Hi!

I think Soren and Antonio summarized what I am thinking as well. If
there are seemingly unmaintained packages and we have people who are
willing to take care of them and update/refresh them by doing
something between a small NMU and a full-scale adoption, then that is
only positive.

On Wed, 7 May 2025 at 21:06, Joost van Baal-Ilić <joostvb-deb...@mdcc.cx> wrote:
>
> Hi Andreas e.a.,
>
> [Please Cc me on replies, I'm not subscribed.]
>
> I'm with Jonas and h01ger here: I don't think the benefits of the current
> ITM-prodedure are bigger than the bad side effects.  And even more people
> voiced this opinion, e.g. @ https://wiki.debian.org/DebianMentorsFaq it says:
>
>  Please Note: Don't go e-mailing maintainers with e-mails like "Your package
>  looks unmaintained, I'm going to hijack your package". It helps nobody, and
>  ensures that you will have at least one very unhappy Debian developer. "

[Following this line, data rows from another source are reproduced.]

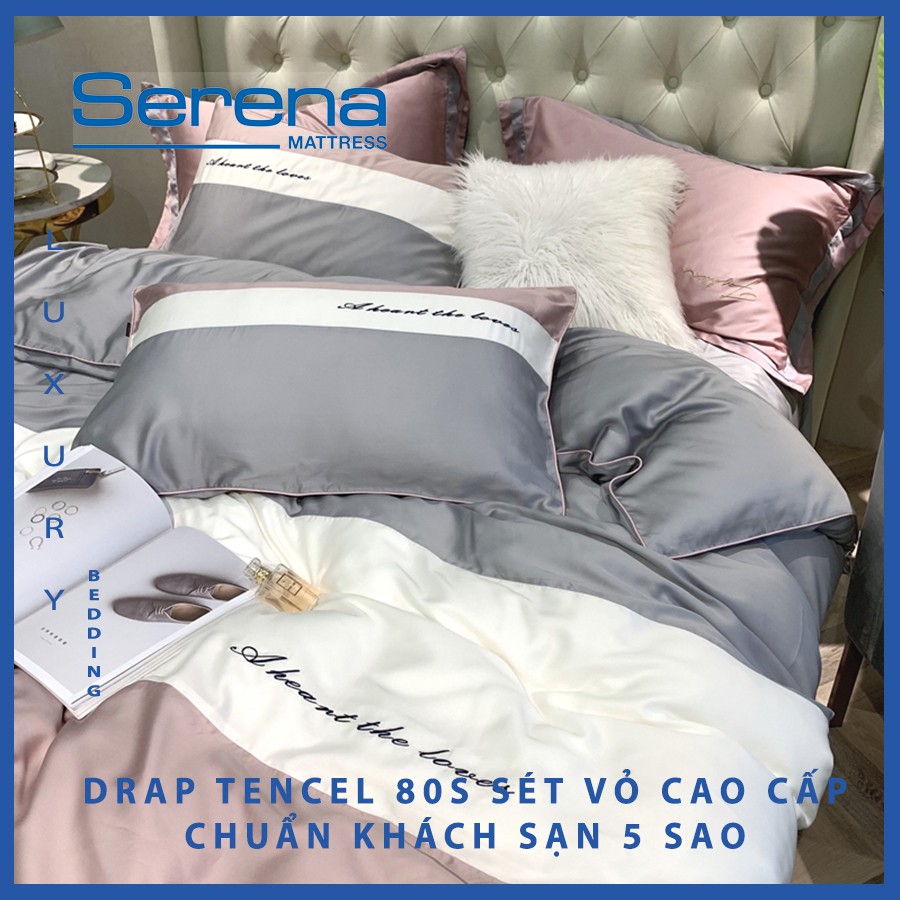 Bộ chăn ga gối Tencel 80s Serena Cao Cấp Phong Cách Hàn Quốc 5 món chăn ga gối chần bông – Hệ Thống Nệm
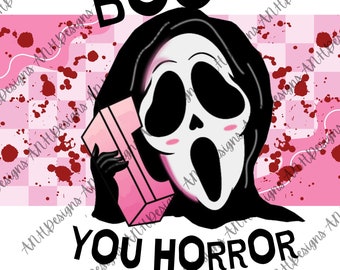 Boo you horror scream digital design | Halloween design | sublimation design | png download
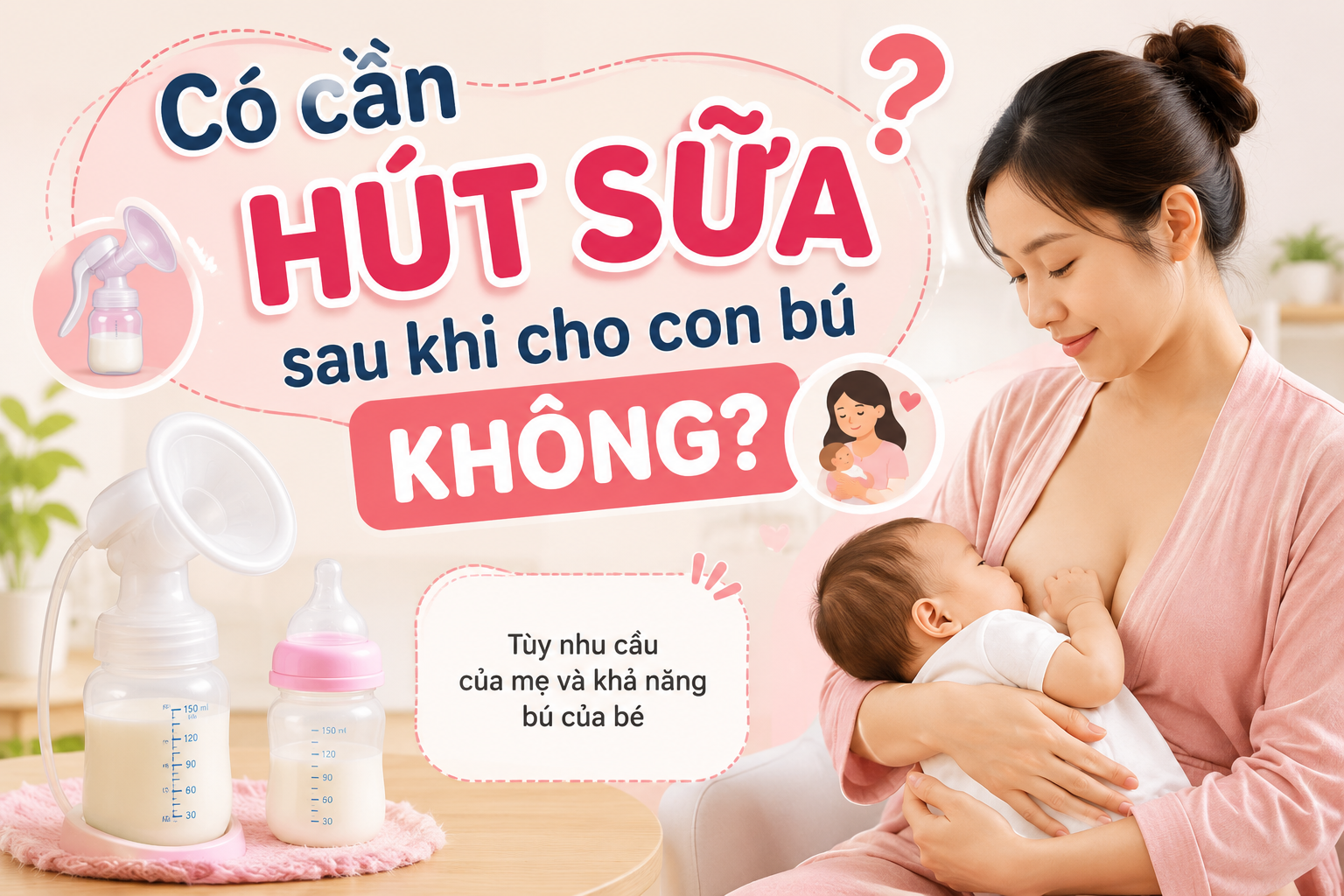 Có cần hút sữa sau khi cho con bú không? 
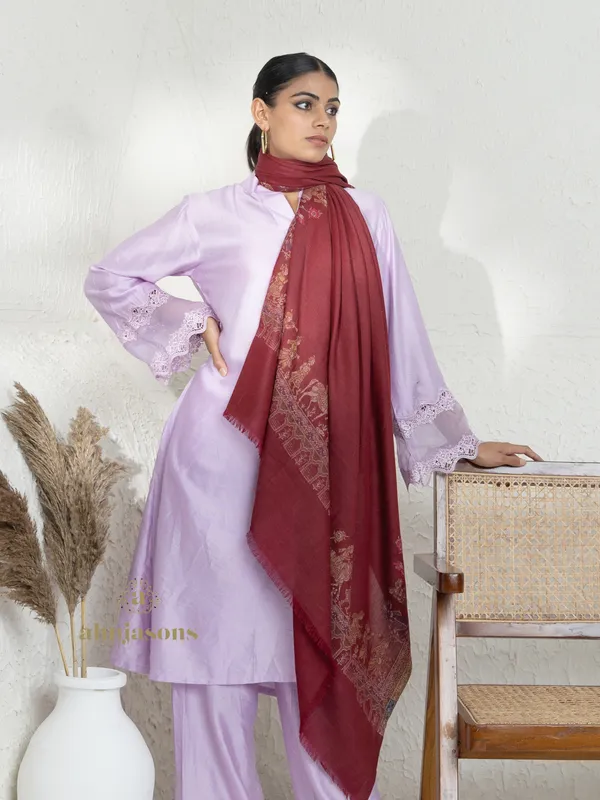 Maroon-Woollen Kani Weave Shawl in Classic Kani Design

Why do people who object this have to resort to words like "pressure",
"coercion" or "hijacking"? Seems to me you are intentionally trying to
make it sound negative by labelling, instead of discussing the main
problem of half-abandoned packages and how to enable collaboration on
them.

All the examples Andreas listed are seemingly unmaintained packages.
This is not about your packages. If some day somebody asks about your
package, and you don't want it to be touched and prefer to keep your
package in the current state, you can just reply in email using one of
the suggested response examples Soren outlined.

> There's also a _reason_ we do not enforce the use of salsa for our packaging
> work yet.  Maybe the best course of action now would be to try to get a GR on
> such a policy change.  (Ideally after the upcoming release, of course.)

This is not about enforcing version control or Salsa. This is about
how to handle packages that are not officially orphaned and which are
not officially being salvaged, but something in between. If the new
person (or team) putting energy in a package decides that their time
is more efficiently spent when version control is utilized, it is just
a side effect of it, and it happens after the original maintainer has
had a chance to object to other people touching the package.